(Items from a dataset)

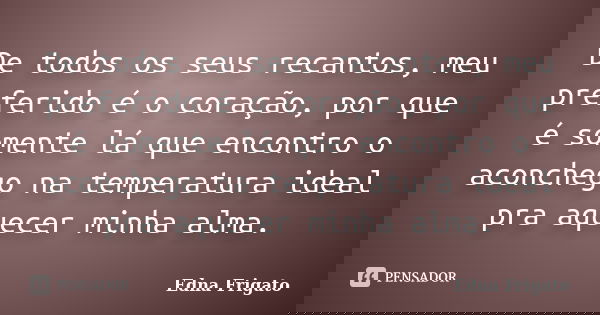 De todos os seus recantos, meu preferido é o coração, por que é somente lá que encontro o aconchego na temperatura ideal pra aquecer minha alma.... Frase de Edna Frigato.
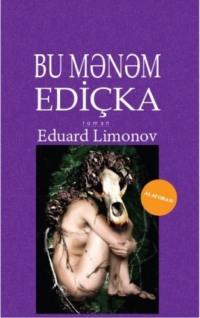 Bu mənəm Ediçka, Эдуарда Лимонова książka audio. ISDN68863374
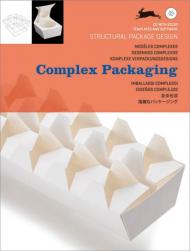 Complex Packaging: Structural Packaging Design Series, автор: Pepin Press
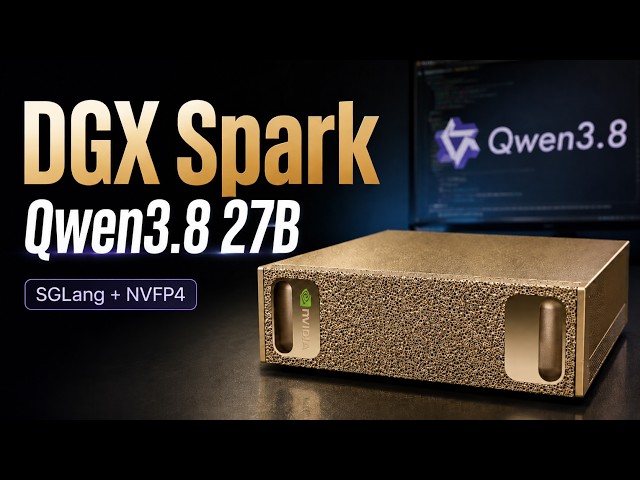 Qwen3.8 27B on NVIDIA DGX Spark - Surprisingly Fast with SGLang!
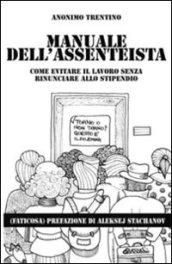 Manuale dell'assenteista. Come evitare il lavoro senza rinunciare allo stipendio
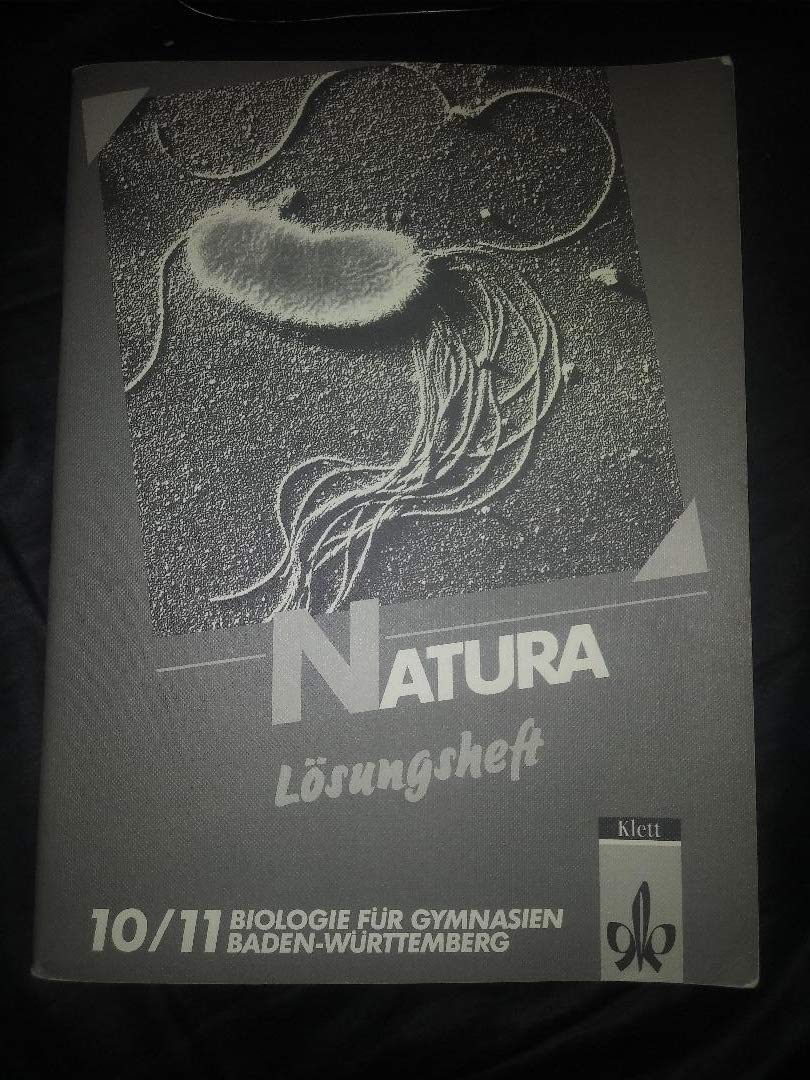 Natura Lösungsheft 10/11 Biologie für Gymnasien Baden Württemberg book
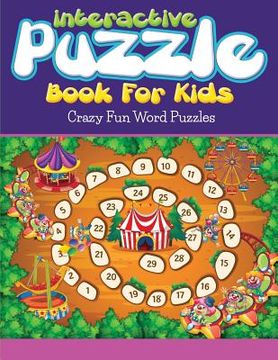 portada Interactive Puzzle Book For Kids: Crazy Fun Word Puzzles (en Inglés)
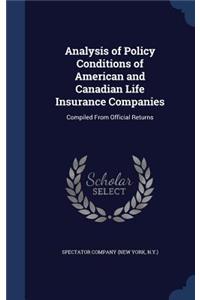 Analysis of Policy Conditions of American and Canadian Life Insurance Companies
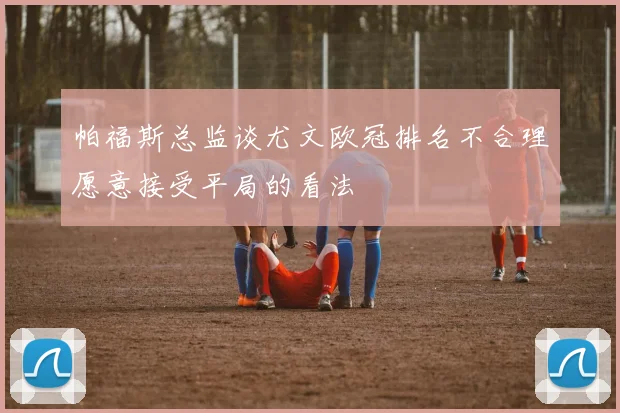 帕福斯总监谈尤文欧冠排名不合理愿意接受平局的看法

- TASK PROMPT -
Leaving the pictures out, transcribe the entries above exactly as written.

- EXERCISE OUTPUT -
 De todos os seus recantos, meu preferido é o coração, por que é somente lá que encontro o aconchego na temperatura ideal pra aquecer minha alma.... Frase de Edna Frigato.
 Bu mənəm Ediçka, Эдуарда Лимонова książka audio. ISDN68863374
 Complex Packaging: Structural Packaging Design Series, автор: Pepin Press
 Qwen3.8 27B on NVIDIA DGX Spark - Surprisingly Fast with SGLang!
 Manuale dell'assenteista. Come evitare il lavoro senza rinunciare allo stipendio
 Natura Lösungsheft 10/11 Biologie für Gymnasien Baden Württemberg book
 portada Interactive Puzzle Book For Kids: Crazy Fun Word Puzzles (en Inglés)
 Analysis of Policy Conditions of American and Canadian Life Insurance Companies
 帕福斯总监谈尤文欧冠排名不合理愿意接受平局的看法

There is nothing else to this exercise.